TASK: Look below for the line that contains "Private Apartment - Park", and write out exactly that line and all remaining lines of the listing, omitting pictures.

*** Opening of DATA PROVIDED ***

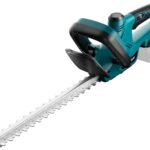 Garten Akku-Heckenschere Kompatibel mit Makita 18V Akkus, 51 cm Schnittlänge, 16 mm Zahnabstand, CSL502 Leichte Heckenschere (Ohne Batterie)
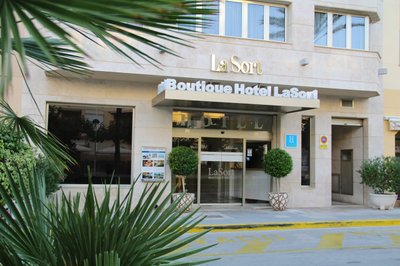 Hotel photo 8 of LaSort Boutique Hotel.
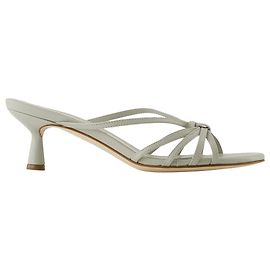 Abby Pumps - Aeyde - Cuir - Vert Vert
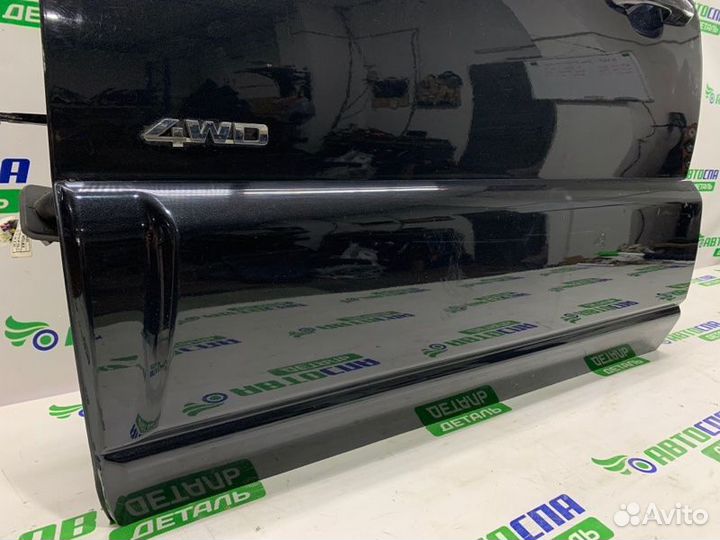 Дверь в сборе передняя левая Kia Sportage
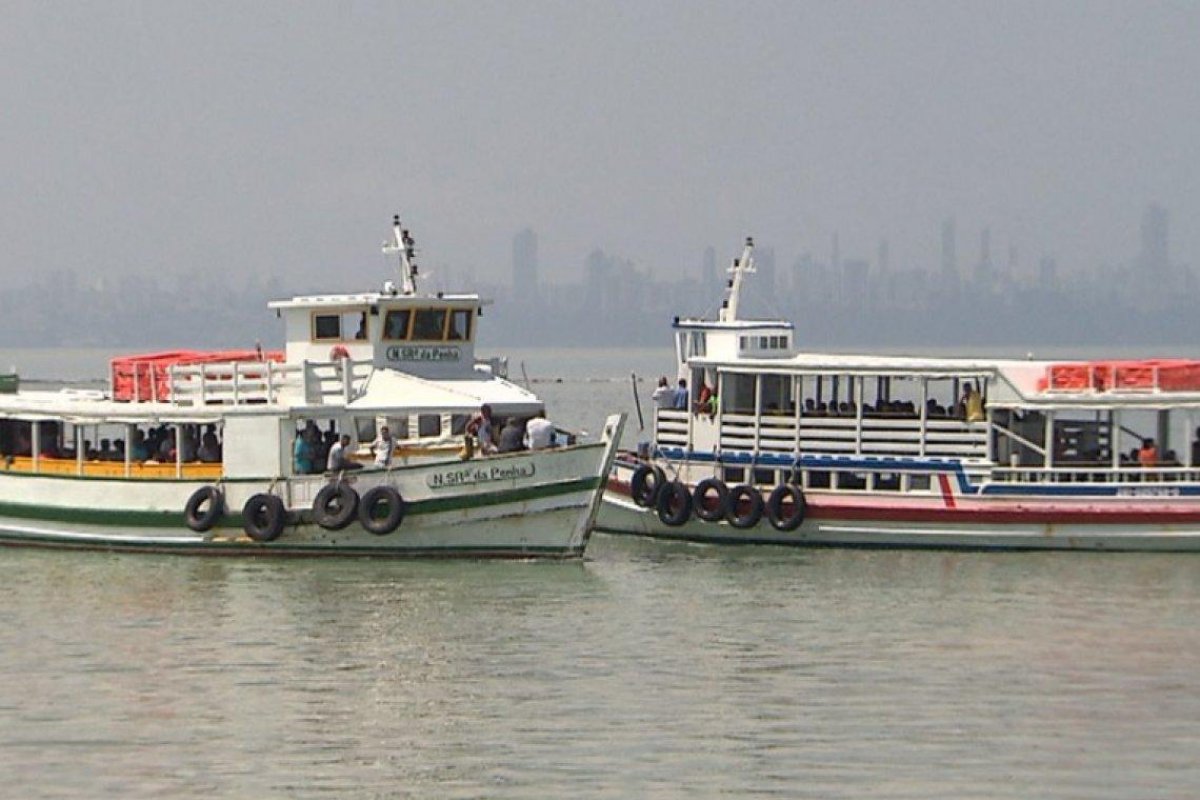 Travessia Salvador-Mar Grande tem fluxo tranquilo nesta terça-feira (7)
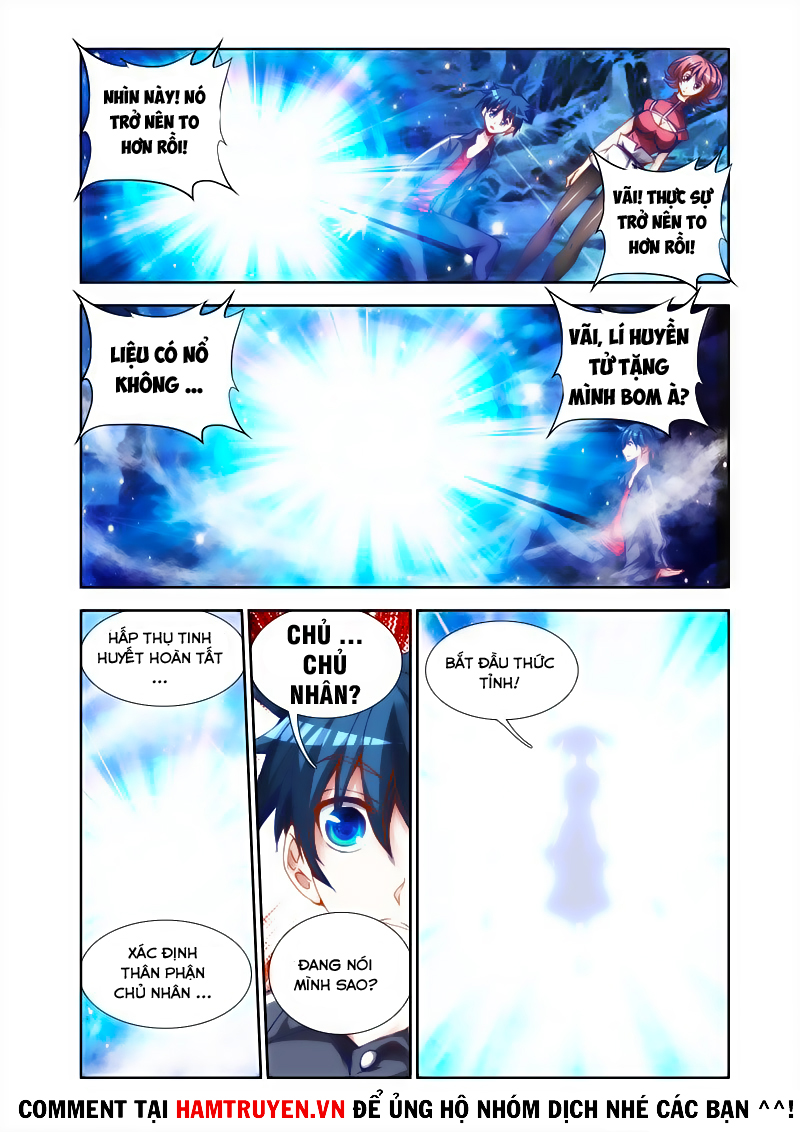 Song Tu Đạo Lữ Của Tôi Chap 27 - Next Chap 28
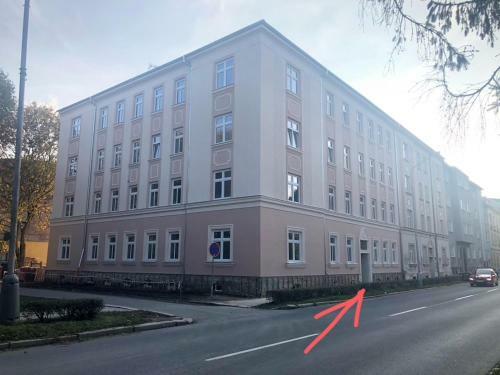 Private Apartment - Park Olomouc - Super Lokalita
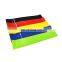 2022 New Arrival Resistance Bands Set Custom Printed Resistance Bands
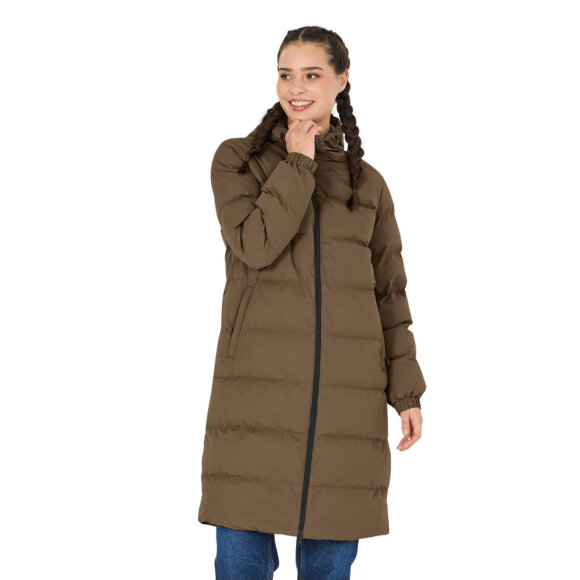 WHISTLER - W ABELLA LONG PADDED JKT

*** Close of DATA PROVIDED ***

RESULT OF THE EXERCISE:
 Private Apartment - Park Olomouc - Super Lokalita
 2022 New Arrival Resistance Bands Set Custom Printed Resistance Bands
 WHISTLER - W ABELLA LONG PADDED JKT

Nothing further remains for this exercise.